--- Task material ---
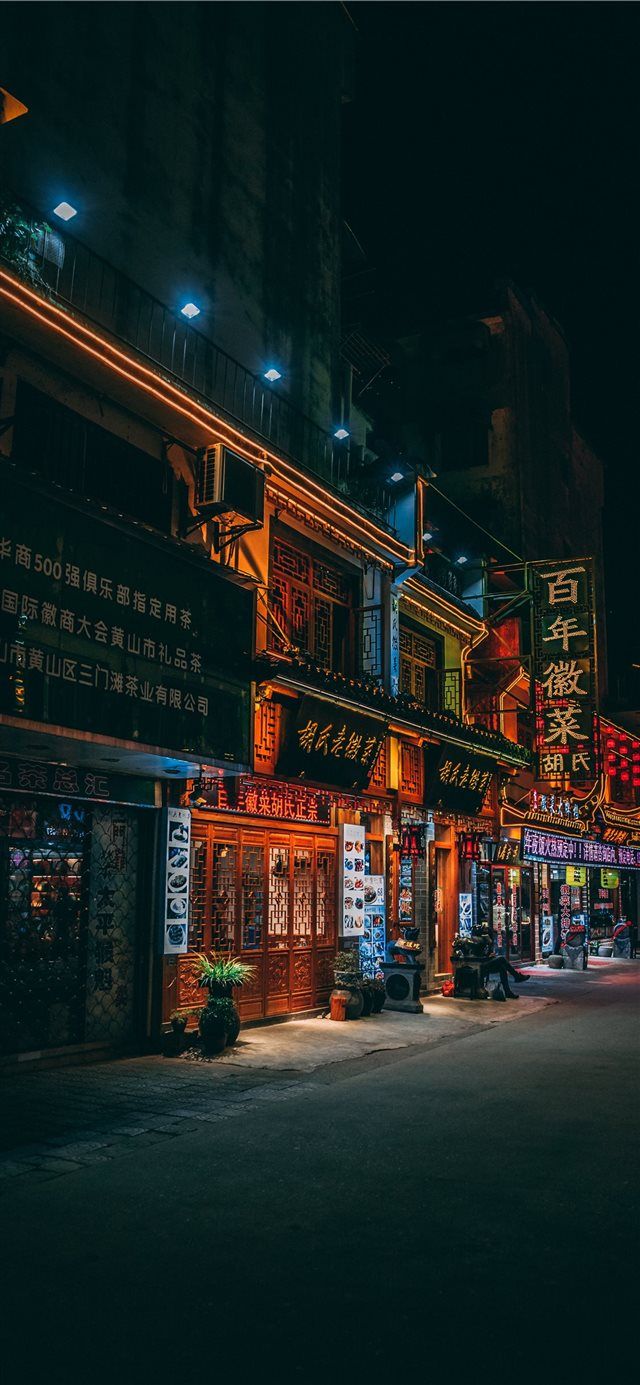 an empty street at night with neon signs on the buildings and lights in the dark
---
--- Task material ---
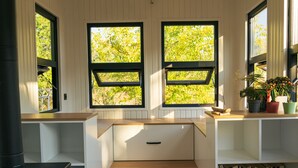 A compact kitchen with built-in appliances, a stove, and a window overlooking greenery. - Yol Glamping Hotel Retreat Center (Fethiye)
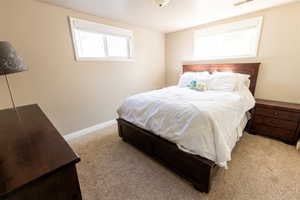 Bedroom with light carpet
---
--- Task material ---
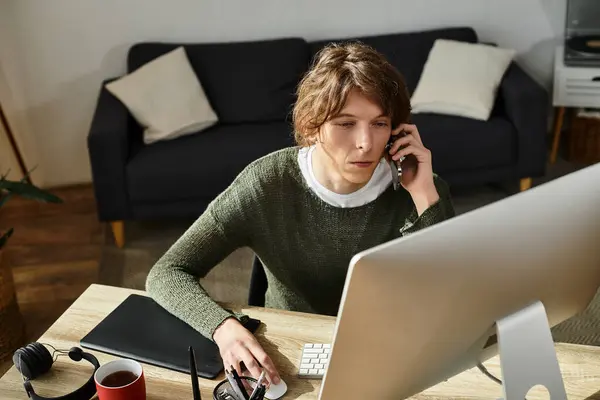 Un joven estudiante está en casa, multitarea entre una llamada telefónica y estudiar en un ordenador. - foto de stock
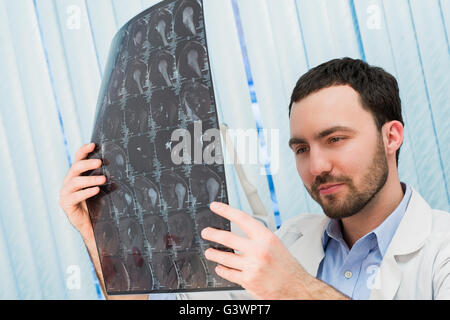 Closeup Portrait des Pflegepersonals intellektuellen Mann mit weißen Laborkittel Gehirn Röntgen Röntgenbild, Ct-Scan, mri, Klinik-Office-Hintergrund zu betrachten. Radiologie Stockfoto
---
• [Directions]: Reproduce exactly the lines above that run from the one with "Un joven estudiante" to the one with "Closeup Portrait des", both included, leaving pictures out.

• [Task answer]:
 Un joven estudiante está en casa, multitarea entre una llamada telefónica y estudiar en un ordenador. - foto de stock
 Closeup Portrait des Pflegepersonals intellektuellen Mann mit weißen Laborkittel Gehirn Röntgen Röntgenbild, Ct-Scan, mri, Klinik-Office-Hintergrund zu betrachten. Radiologie Stockfoto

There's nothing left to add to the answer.